Este é o alerta que faço às futuras naves exploradoras. Antes de enviarem novas expedições tentem contornar essas variáveis de liberdade sexual e fanatismo religioso. Nós conseguimos uma solução, talvez paliativa para o fato, mas graças ao todo poderoso, nós conseguimos. Pode ser que outras naves não consigam.
Me despeço aqui, deixando para todos a análise se nossa decisão foi certa ou errada. Convém lembrar que as facções que permaneceram em Delta Nilo assim o fizeram de livre e espontânea vontade. Tal desprendimento dessas facções nos permite continuar em nossa missão.

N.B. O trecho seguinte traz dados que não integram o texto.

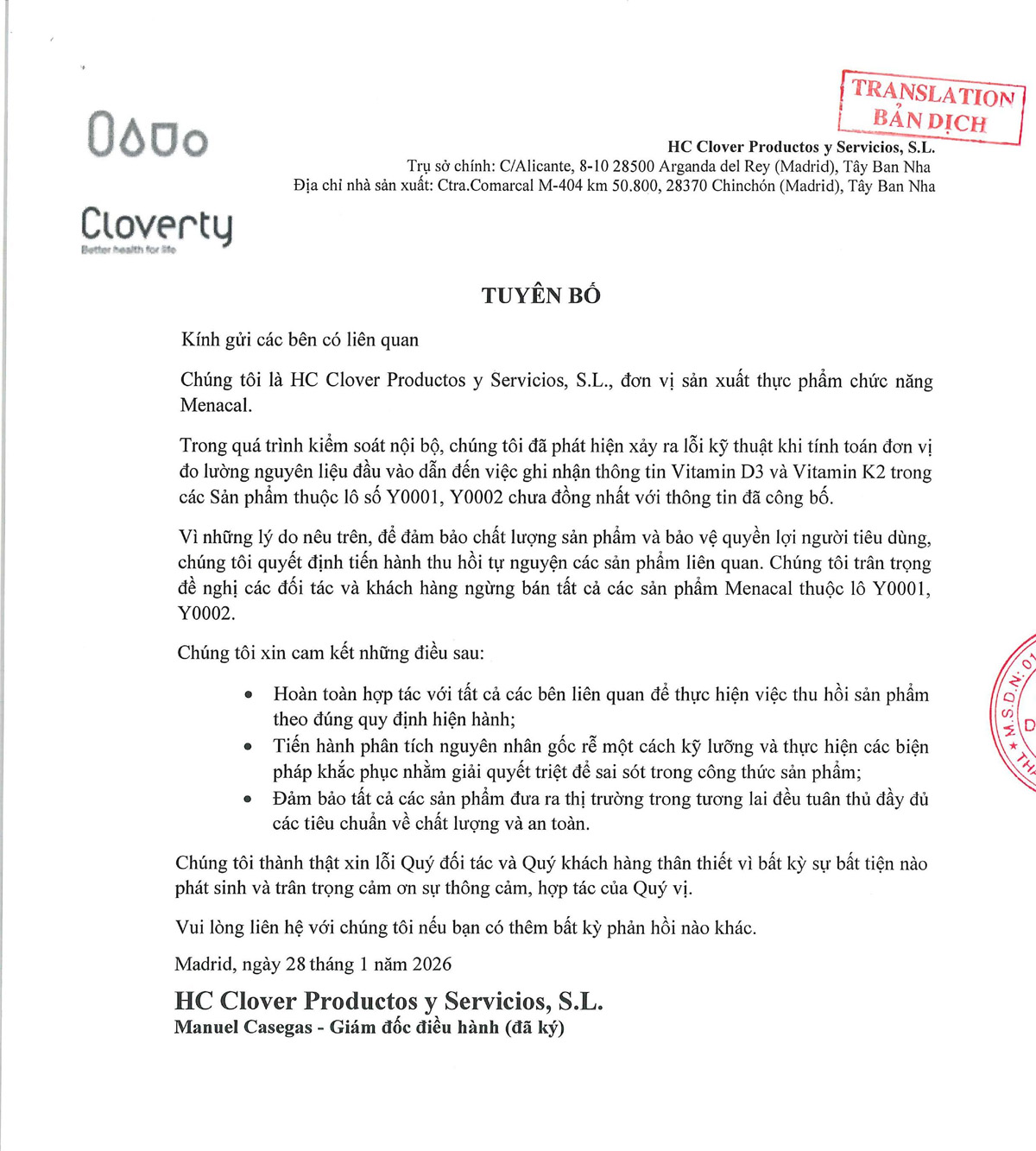 Tuyên bố từ Công ty HC Clover (1)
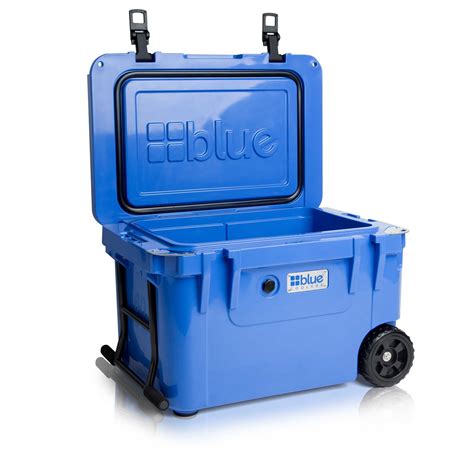 60 Quart Ice Vault Roto Molded Cooler With Wheels Custom Blue Coolers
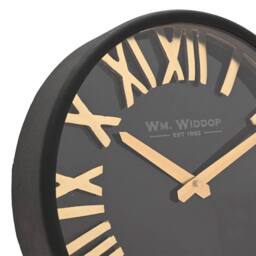 WILLIAM WIDDOP Black & Gold Table Clock - thumbnail 4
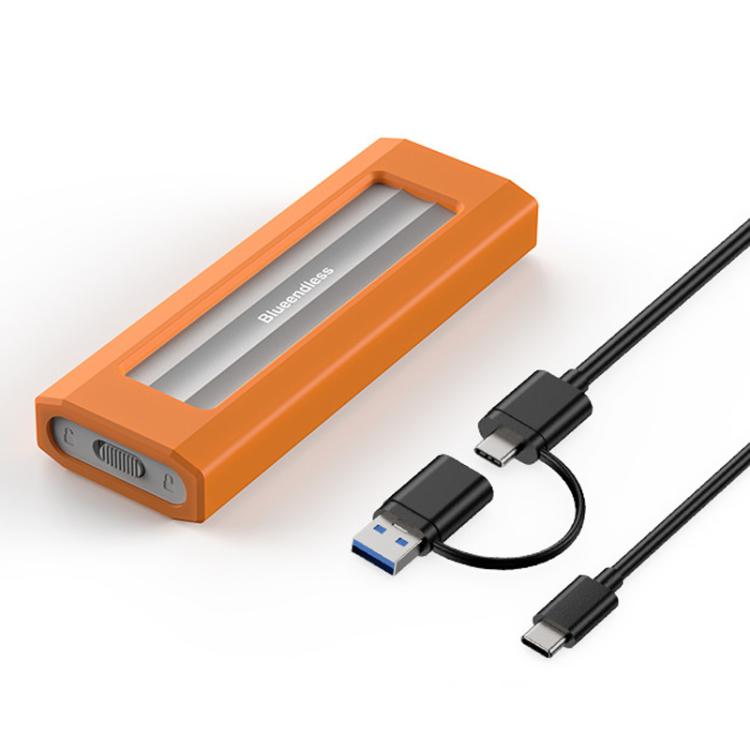 Blueendless 10Gbps M.2 SSD Enclosure External Type-C 3.2 Portable Hard Drive Case, Spec: SATA&NVMe Dual Protocol With USB/Type-C 2 In 1 Cable Silver Orange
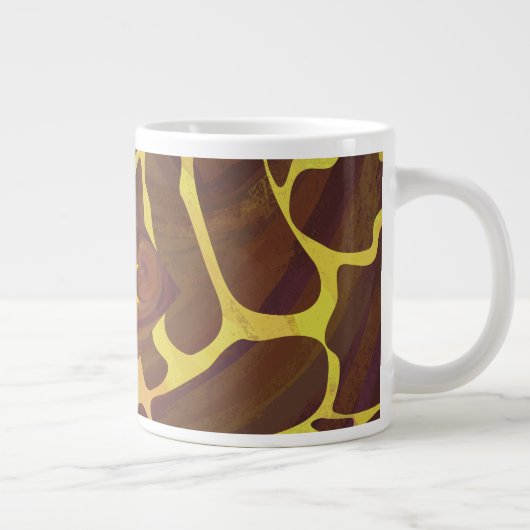 Monogram Giraffe Bruin, Geel afdrukken Grote Koffiekop (Rechts)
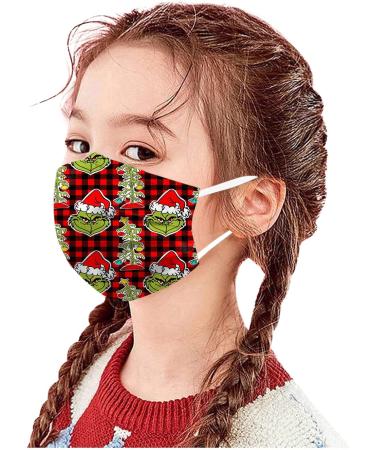 100Pcs Kids Grinch Disposable Face_Mask - Christmas Childrens Face_Mask Assorted Colors Design Boys Girls 3-Ply Face_Covering (Grinch F) - Buy Online on GoSupps.com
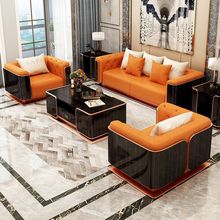 轻奢沙发客厅后现代奢华宾利头层牛皮样板房美式意式真皮组合沙发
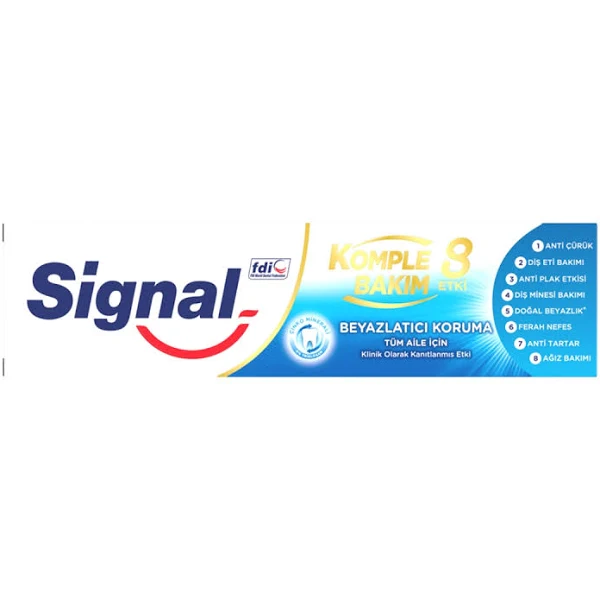 Signal Komple Bakım 8 Etki Beyazlatıcı Koruma Diş Macunu 75 ml - 1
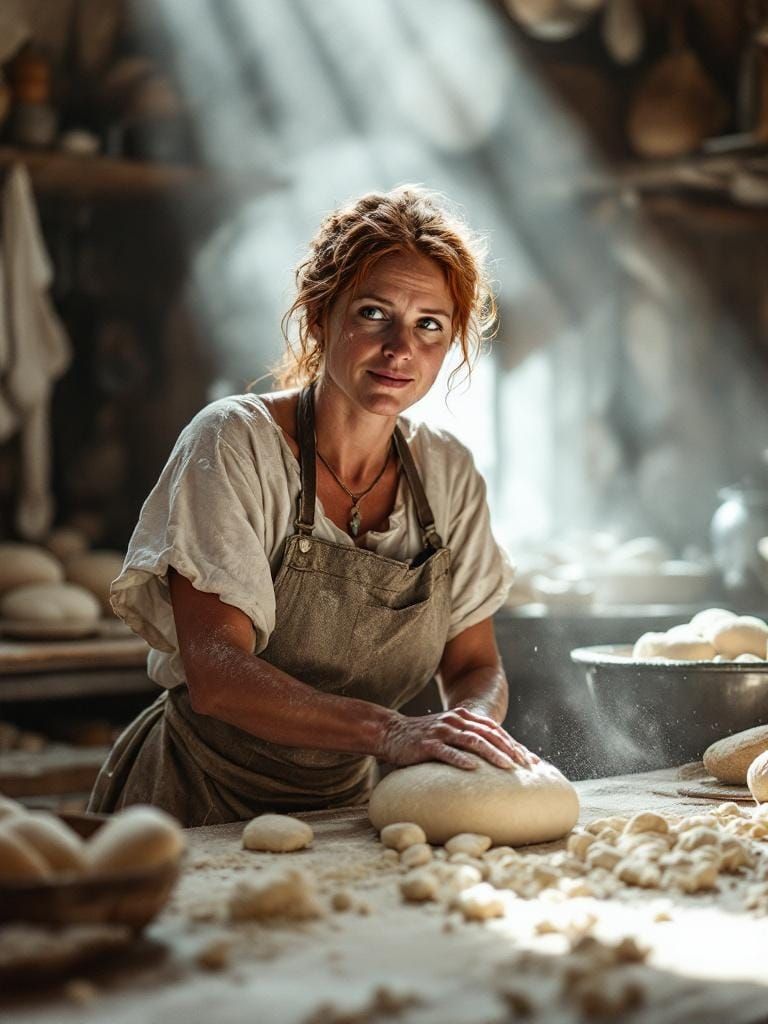Redhead Baker Kneading Dough in Documentary Style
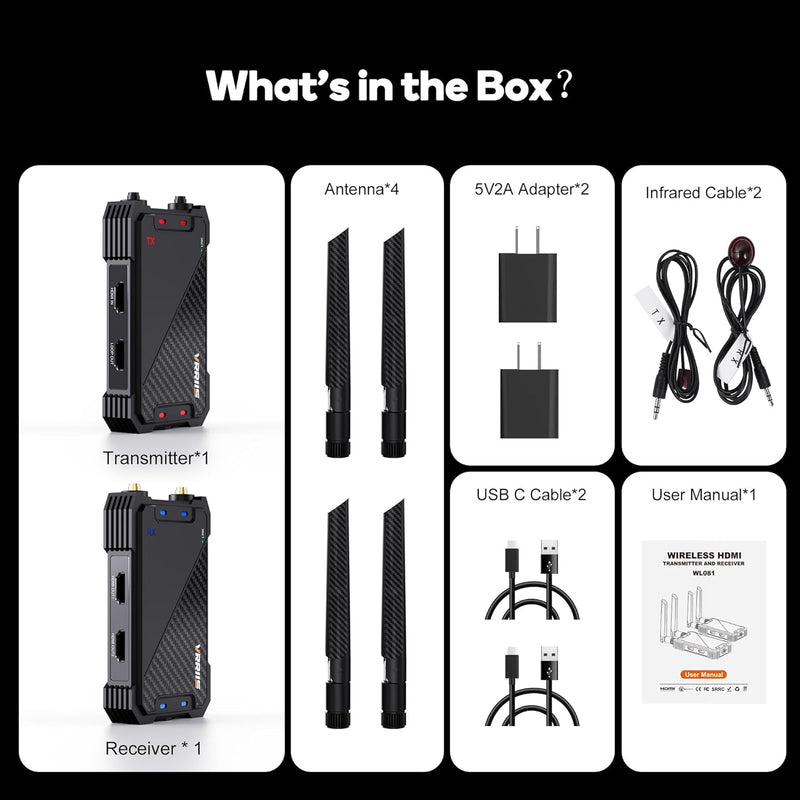 Sistema de transmisor y receptor de video HDMI inalámbrico VRRISS WL081 para equipos de sala de reuniones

Nota do Autor - Esse conto é um alerta que tento fazer para o futuro. A idéia de um vôo tripulado de longa duração pode ser viável em um futuro não muito distante. Uma nave que saia de nosso planeta para uma viagem de 100 anos pode muito bem ser possível daqui a algumas décadas. Uma viagem dessas obrigatoriamente seria terminada por filhos ou netos da tripulação original. Os riscos de uma expedição deste porte sofrer algum tipo de problema motivado por comportamentos exagerados de adolescentes e fanatismo religioso é real. Aos que lerem este esclareço ser uma pessoa que segue a religião Católica Apostólica Romana, sem ser no entanto fanático ou mesmo um grande praticante da religião que abracei. Em hipótese alguma quero me indispor com islâmicos, luteranos, judeus ou seguidores de qualquer religião, seja ela qual for. Também esclareço ser contra o aborto. Mas respeito a opinião das pessoas que apoiam essa prática. Apenas não me encontro entre elas. Não quero aqui passar a idéia de ser o dono da verdade. Fiz apenas um conto de ficção científica entrando talvez em uma área pouco explorada até então. Não sei se consegui fazer uma boa história. Era essa minha intenção. O fato de usar dois assuntos considerados "tabus" pela cultura ocidental (aborto e religião ) foi motivado apenas pela necessidade que senti de usar temas polêmicos na composição desta pequena e insignificante obra de minha autoria.
Novamente peço desculpas se não consegui tratar temas tão polêmicos com o tato necessário de modo a não me indispor com ninguém. Tenham certeza que a intenção não foi essa.